Пока же столицей морской войны был Киль — это вам не какой-то там заштатный Фленсбург, откуда был родом Ройтер, — пряничные домики, утопающие в зелени, шпиль собора, ратуша из бурого кирпича… Киль — это железный город, с лязгом портовых кранов, с мощными крейсерами на рейде. Но если во Фленсбурге главное Мюрвик и торпедная школа, то в Киле главное конечно же верфи и морской порт. Они работали в полную мощь, ковали разящий меч Ньёрда,[5] не зная сна и отдыха.
— Кстати, Ройтер, я хотел у вас спросить. За что у вас выговор? В первый же день?.. — как бы невзначай поинтересовался Рёстлер, когда они вышли от командира флотилии.
— Пришел рапортовать руководству в грязном ботинке… — вздохнул отличник Мюрвика.
— Как это? — Рёстлер изобразил невероятное удивление.
— Ну так, я шел для представления и тут гляжу — мальчишка упустил кораблик… Смешной такой… Играл в ручейке с корабликом и упустил, его чуть не засосало в водоворот. Я его спас, кораблик… — Ройтер усмехнулся, — но оступился и… вот… а переобуваться уже времени не было…
— Понимаю… — задумчиво процедил Рёстлер. — Скучаете по сыну?
— Откуда вы знаете?
— Ну, во-первых, я отвечаю за воспитательную работу среди личного состава флотилии, а это означает, что я должен, просто обязан, знать обо всех все. Ну, судите сами, родина и фюрер вручили вам грозное оружие, но каким бы современным и мощным оно ни было — воюет все равно не лодка, не танк, не самолет, воюет человек. А если у него тоска на душе, кошки скребут, то он обязательно ошибется. А потом, я достаточно хорошо знаком со старшим Демански.
— Я не ошибусь, — твердо, глядя прямо перед собой, произнес Ройтер.
— Не сомневаюсь. Потому-то и говорю с вами об этом. Очень хорошо вас понимаю. Настоящему офицеру, вроде вас, просто необходимо иметь качественное потомство. Война — сами понимаете, всякое может случиться… А здесь — качество отменное! Отец вашей избранницы — заслуженный человек, почетный генерал СС, мать из судетских немцев, плюс ваша кровь, ваш отец ведь тоже военный моряк был… Да, Ади — просто образец будущего арийской расы. Именно таким, как он, через каких-нибудь 20 лет придется держать штурвал нашего корабля.
— Что верно — то верно… Ади можно прямо на плакат.
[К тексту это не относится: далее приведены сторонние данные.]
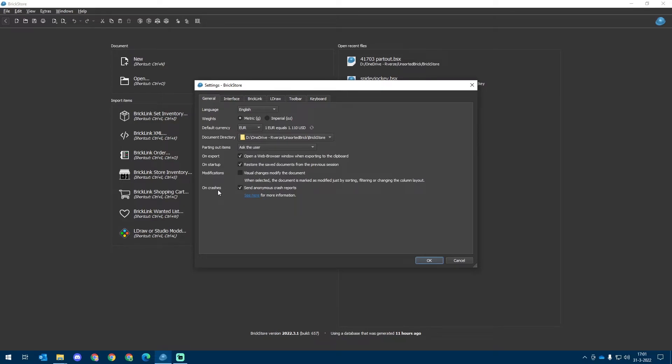For the On Crash setting, I've got that turned on. It will send an anonymous crash report to the developers so they can improve the software. My recommendation is to turn it on so the software gets better and better.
Он даже внешне чем-то напоминает Хейне Квэкса.[6]
— Ройтер, я все хотел вас спросить, а почему вы до сих пор не член партии?
— Я как-то никогда об этом не задумывался… Я честный немец, офицер, но я не политик…
— О… Ройтер, ошибаетесь. Сегодня каждый честный офицер, да не только офицер, каждый матрос, каждый юнга — политик. Вот возьмите хотя бы беднягу Юлиуса.[7] Один залп торпеды, а ведь с этого момента вся европейская политика изменилась до неузнаваемости.
— Да, Лемп влип, это ж надо, такое невезение!